REQUIREMENT | Give the data back exactly. Leave out any images.
┌─ DATA SEGMENT
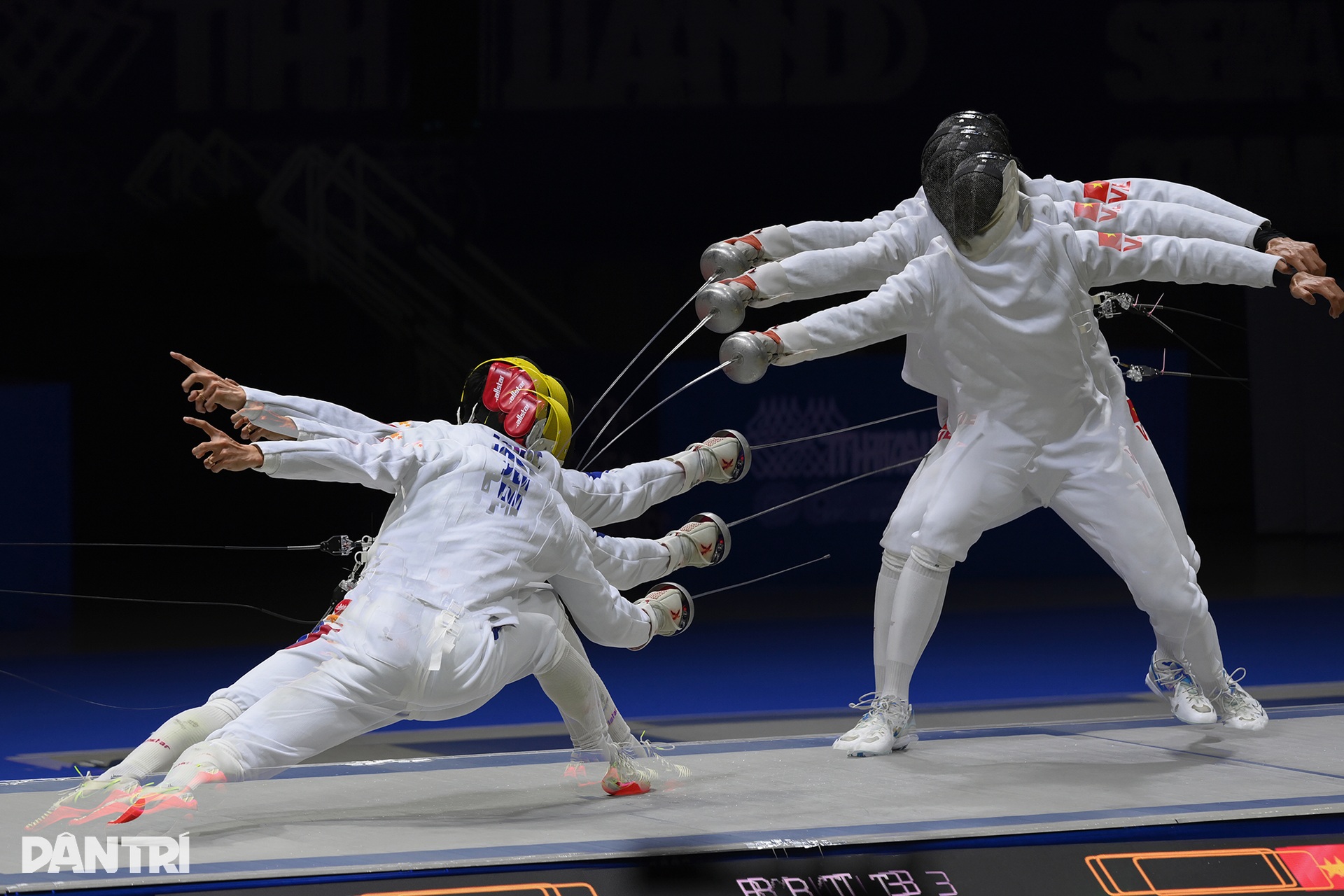 Mãn nhãn hình ảnh thi đấu giành 3 HCV của đấu kiếm Việt Nam ở SEA Games 33 - 7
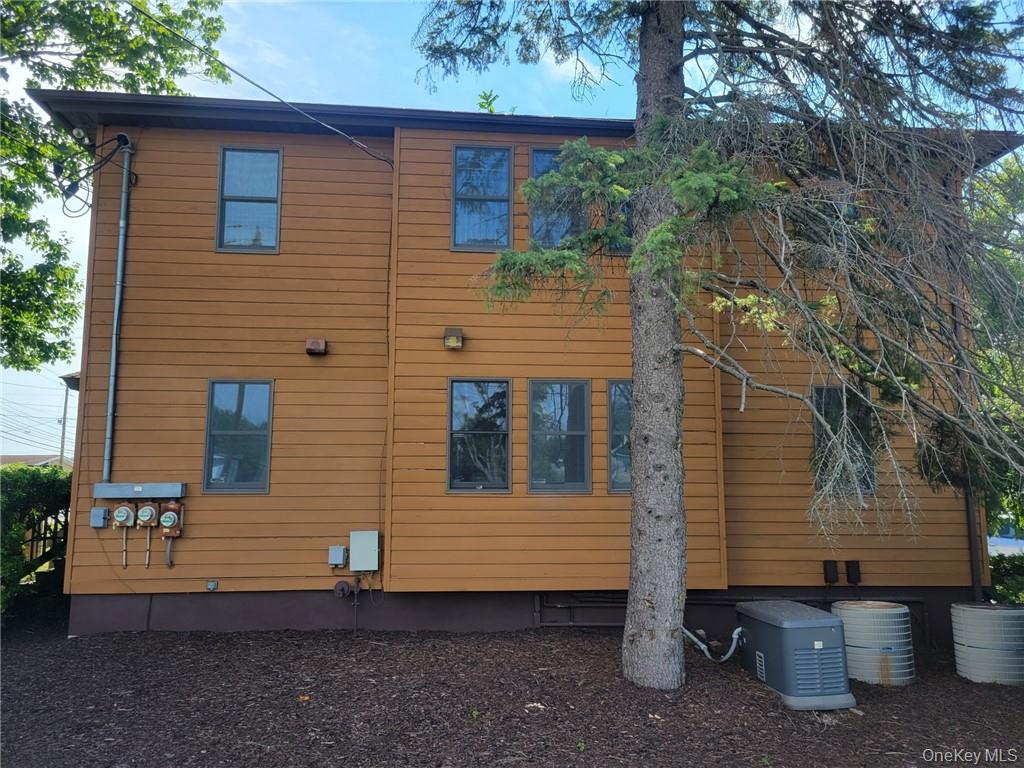 410 E Main Street – For Sale photo 16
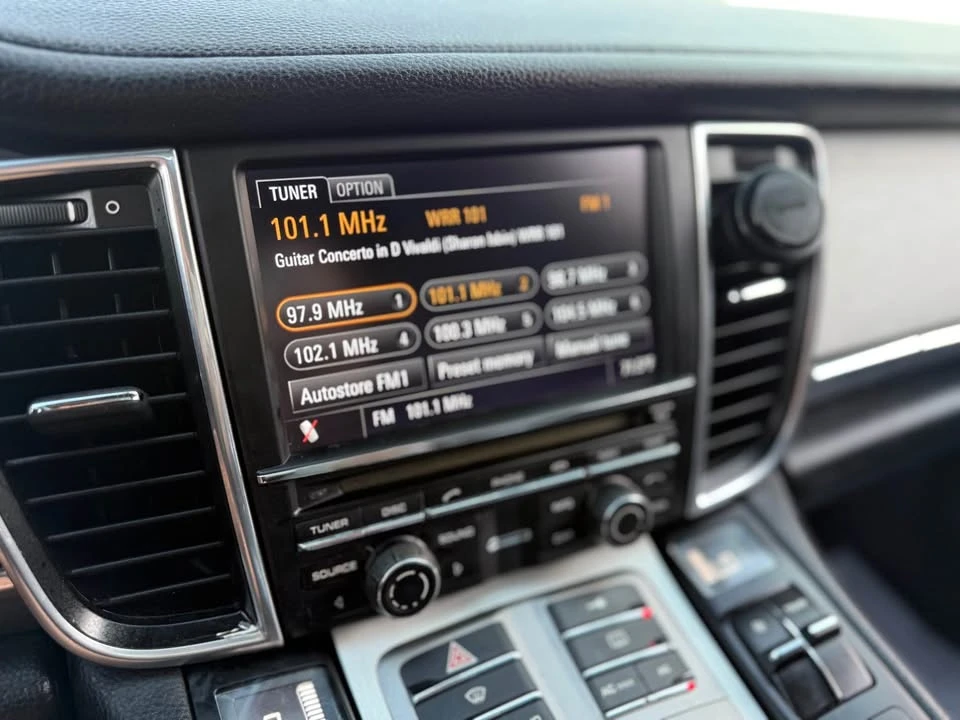 2010 Porsche 970 Panamera 4S - Image 11 of 20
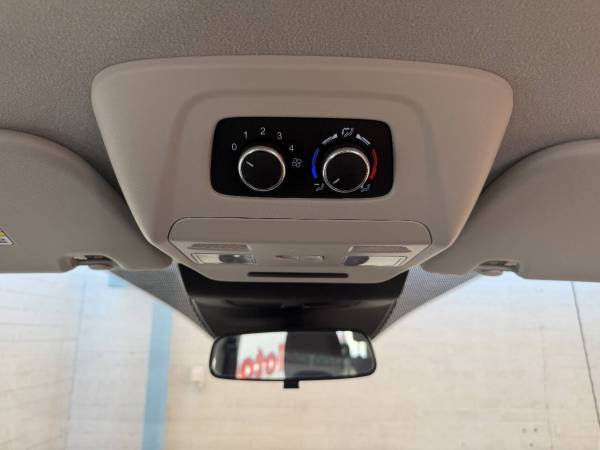 2026 Ford Transit 350 XLT - Photo 14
└─
SOLUTION FOR THIS PROBLEM |
 Mãn nhãn hình ảnh thi đấu giành 3 HCV của đấu kiếm Việt Nam ở SEA Games 33 - 7
 410 E Main Street – For Sale photo 16
 2010 Porsche 970 Panamera 4S - Image 11 of 20
 2026 Ford Transit 350 XLT - Photo 14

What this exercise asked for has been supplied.